*** Opening of Data excerpt ***

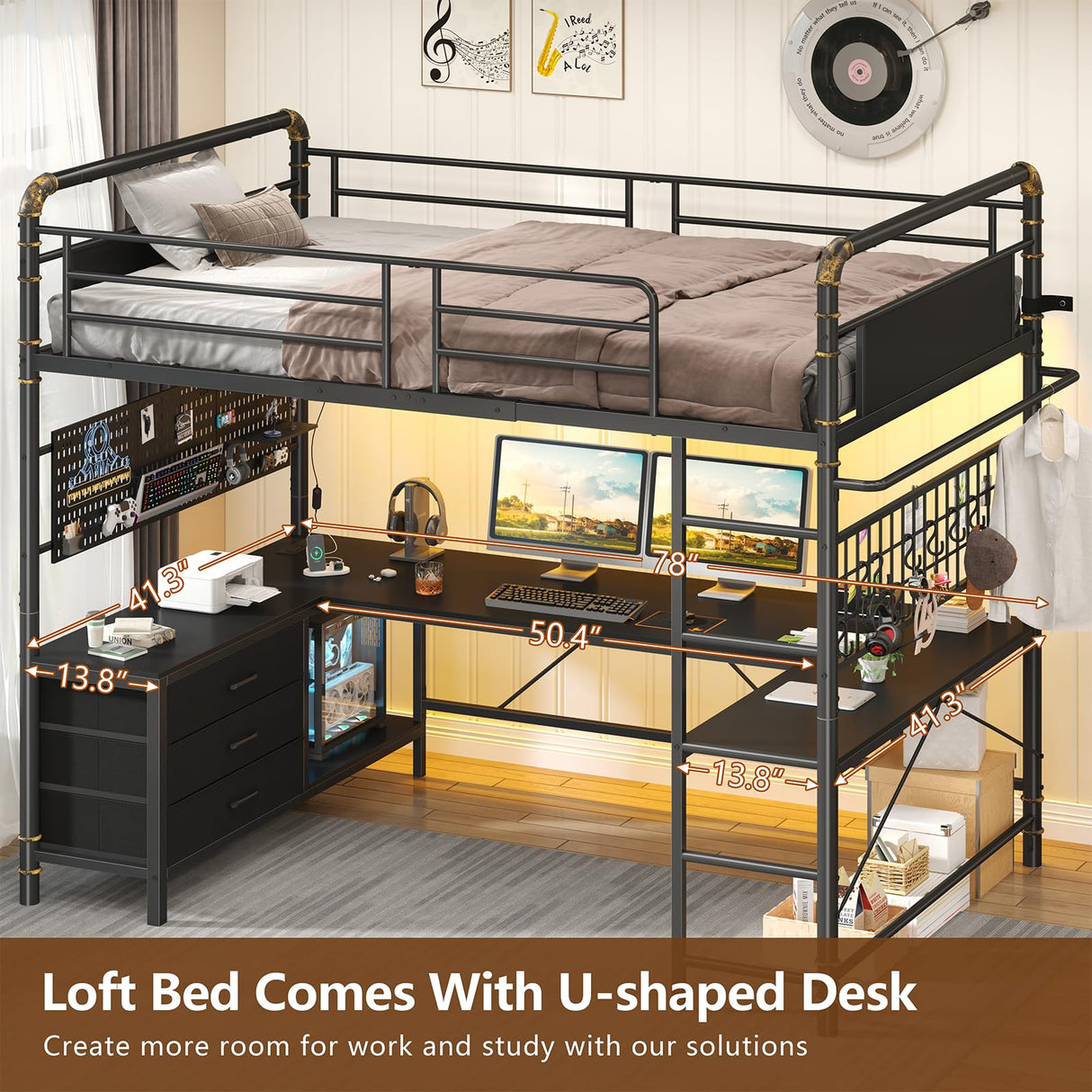 Twin Size Loft Bed with U-Shaped Desk & RGB LED Lights, Twin Loft Metal Bed Frame with Charging Station Bunk loft bed with 3 Drawers, Safety Guard & Ladder, 3 Pegboards, No Box Spring Needed, BlacK CSZZD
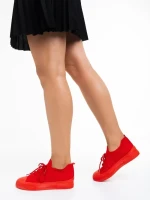 Дамски кецове  червени  от текстилен материал  Elexia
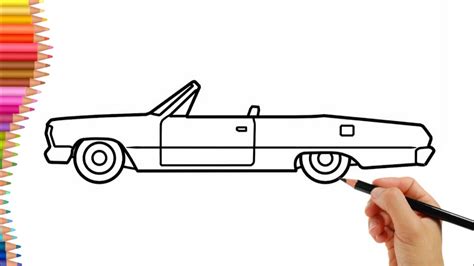 How to draw a Low rider car very simple,lowriders hoppingcar - YouTube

*** Close of Data excerpt ***

| Problem statement |
Give all the lines above again, character for character, without pictures.

| Written answer |
 Twin Size Loft Bed with U-Shaped Desk & RGB LED Lights, Twin Loft Metal Bed Frame with Charging Station Bunk loft bed with 3 Drawers, Safety Guard & Ladder, 3 Pegboards, No Box Spring Needed, BlacK CSZZD
 Дамски кецове  червени  от текстилен материал  Elexia
 How to draw a Low rider car very simple,lowriders hoppingcar - YouTube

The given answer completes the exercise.